- _Task directions_: Please write out exactly, and only, the lines from the first in the material below to the line containing "Immeuble à usage", both included.
(Supplied records)
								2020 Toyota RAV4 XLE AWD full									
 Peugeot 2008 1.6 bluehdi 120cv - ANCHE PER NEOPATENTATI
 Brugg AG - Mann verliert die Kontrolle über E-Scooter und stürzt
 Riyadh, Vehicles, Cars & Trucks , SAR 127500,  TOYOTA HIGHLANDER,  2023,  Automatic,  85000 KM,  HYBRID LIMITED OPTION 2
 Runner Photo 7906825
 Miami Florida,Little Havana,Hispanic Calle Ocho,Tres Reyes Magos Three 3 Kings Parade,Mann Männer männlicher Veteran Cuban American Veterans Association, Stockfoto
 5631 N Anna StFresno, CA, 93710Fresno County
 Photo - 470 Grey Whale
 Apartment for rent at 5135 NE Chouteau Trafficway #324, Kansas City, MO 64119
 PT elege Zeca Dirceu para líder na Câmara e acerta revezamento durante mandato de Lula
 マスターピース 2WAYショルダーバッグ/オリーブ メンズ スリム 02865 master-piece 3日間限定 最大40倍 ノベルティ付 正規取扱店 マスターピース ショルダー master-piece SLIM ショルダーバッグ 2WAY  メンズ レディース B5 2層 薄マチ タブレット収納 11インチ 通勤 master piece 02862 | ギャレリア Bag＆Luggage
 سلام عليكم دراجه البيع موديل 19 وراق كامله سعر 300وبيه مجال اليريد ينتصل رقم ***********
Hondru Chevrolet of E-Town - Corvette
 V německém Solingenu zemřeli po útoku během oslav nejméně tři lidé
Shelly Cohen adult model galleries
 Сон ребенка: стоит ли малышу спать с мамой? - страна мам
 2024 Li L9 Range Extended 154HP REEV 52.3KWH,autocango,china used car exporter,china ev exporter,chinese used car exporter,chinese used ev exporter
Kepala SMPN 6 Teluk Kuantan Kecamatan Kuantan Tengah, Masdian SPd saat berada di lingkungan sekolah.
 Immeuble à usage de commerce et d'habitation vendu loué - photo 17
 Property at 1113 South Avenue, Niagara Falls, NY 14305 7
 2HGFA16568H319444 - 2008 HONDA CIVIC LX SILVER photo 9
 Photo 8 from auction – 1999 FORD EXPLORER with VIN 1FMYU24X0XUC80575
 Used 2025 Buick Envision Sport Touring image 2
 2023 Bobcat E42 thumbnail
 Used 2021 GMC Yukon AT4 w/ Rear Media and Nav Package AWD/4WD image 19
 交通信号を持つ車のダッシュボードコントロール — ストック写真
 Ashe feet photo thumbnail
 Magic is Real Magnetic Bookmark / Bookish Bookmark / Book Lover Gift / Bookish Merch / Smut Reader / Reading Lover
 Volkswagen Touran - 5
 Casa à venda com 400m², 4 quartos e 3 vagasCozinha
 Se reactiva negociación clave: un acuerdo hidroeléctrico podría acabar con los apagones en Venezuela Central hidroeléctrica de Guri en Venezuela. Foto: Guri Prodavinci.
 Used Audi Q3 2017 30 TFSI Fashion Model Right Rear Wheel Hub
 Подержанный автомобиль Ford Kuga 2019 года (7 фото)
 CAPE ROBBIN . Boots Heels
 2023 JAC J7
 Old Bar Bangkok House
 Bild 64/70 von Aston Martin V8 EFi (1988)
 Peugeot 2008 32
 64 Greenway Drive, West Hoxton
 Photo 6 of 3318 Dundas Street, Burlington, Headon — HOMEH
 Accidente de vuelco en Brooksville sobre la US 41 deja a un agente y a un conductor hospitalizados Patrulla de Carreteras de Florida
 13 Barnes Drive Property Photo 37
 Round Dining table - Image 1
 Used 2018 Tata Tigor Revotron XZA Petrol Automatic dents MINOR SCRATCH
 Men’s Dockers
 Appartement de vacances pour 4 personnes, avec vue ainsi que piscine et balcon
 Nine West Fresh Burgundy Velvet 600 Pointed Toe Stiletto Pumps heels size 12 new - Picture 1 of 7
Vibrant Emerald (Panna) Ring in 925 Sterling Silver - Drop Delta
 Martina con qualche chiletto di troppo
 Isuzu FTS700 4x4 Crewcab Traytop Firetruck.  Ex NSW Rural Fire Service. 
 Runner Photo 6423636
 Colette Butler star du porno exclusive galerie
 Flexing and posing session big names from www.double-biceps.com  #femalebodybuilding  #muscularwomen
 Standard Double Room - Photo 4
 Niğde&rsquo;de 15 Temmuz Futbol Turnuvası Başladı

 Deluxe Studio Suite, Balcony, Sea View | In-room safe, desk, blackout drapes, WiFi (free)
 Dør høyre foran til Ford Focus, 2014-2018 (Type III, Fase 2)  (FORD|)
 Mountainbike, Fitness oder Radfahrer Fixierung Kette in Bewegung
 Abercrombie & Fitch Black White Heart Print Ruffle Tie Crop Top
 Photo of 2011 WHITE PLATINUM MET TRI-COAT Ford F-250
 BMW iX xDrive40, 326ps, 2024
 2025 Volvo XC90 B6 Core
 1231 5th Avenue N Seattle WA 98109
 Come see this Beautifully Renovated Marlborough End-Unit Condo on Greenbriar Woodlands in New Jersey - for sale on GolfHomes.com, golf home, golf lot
(End Supplied records)
- _Output of the task_:
								2020 Toyota RAV4 XLE AWD full									
 Peugeot 2008 1.6 bluehdi 120cv - ANCHE PER NEOPATENTATI
 Brugg AG - Mann verliert die Kontrolle über E-Scooter und stürzt
 Riyadh, Vehicles, Cars & Trucks , SAR 127500,  TOYOTA HIGHLANDER,  2023,  Automatic,  85000 KM,  HYBRID LIMITED OPTION 2
 Runner Photo 7906825
 Miami Florida,Little Havana,Hispanic Calle Ocho,Tres Reyes Magos Three 3 Kings Parade,Mann Männer männlicher Veteran Cuban American Veterans Association, Stockfoto
 5631 N Anna StFresno, CA, 93710Fresno County
 Photo - 470 Grey Whale
 Apartment for rent at 5135 NE Chouteau Trafficway #324, Kansas City, MO 64119
 PT elege Zeca Dirceu para líder na Câmara e acerta revezamento durante mandato de Lula
 マスターピース 2WAYショルダーバッグ/オリーブ メンズ スリム 02865 master-piece 3日間限定 最大40倍 ノベルティ付 正規取扱店 マスターピース ショルダー master-piece SLIM ショルダーバッグ 2WAY  メンズ レディース B5 2層 薄マチ タブレット収納 11インチ 通勤 master piece 02862 | ギャレリア Bag＆Luggage
 سلام عليكم دراجه البيع موديل 19 وراق كامله سعر 300وبيه مجال اليريد ينتصل رقم ***********
Hondru Chevrolet of E-Town - Corvette
 V německém Solingenu zemřeli po útoku během oslav nejméně tři lidé
Shelly Cohen adult model galleries
 Сон ребенка: стоит ли малышу спать с мамой? - страна мам
 2024 Li L9 Range Extended 154HP REEV 52.3KWH,autocango,china used car exporter,china ev exporter,chinese used car exporter,chinese used ev exporter
Kepala SMPN 6 Teluk Kuantan Kecamatan Kuantan Tengah, Masdian SPd saat berada di lingkungan sekolah.
 Immeuble à usage de commerce et d'habitation vendu loué - photo 17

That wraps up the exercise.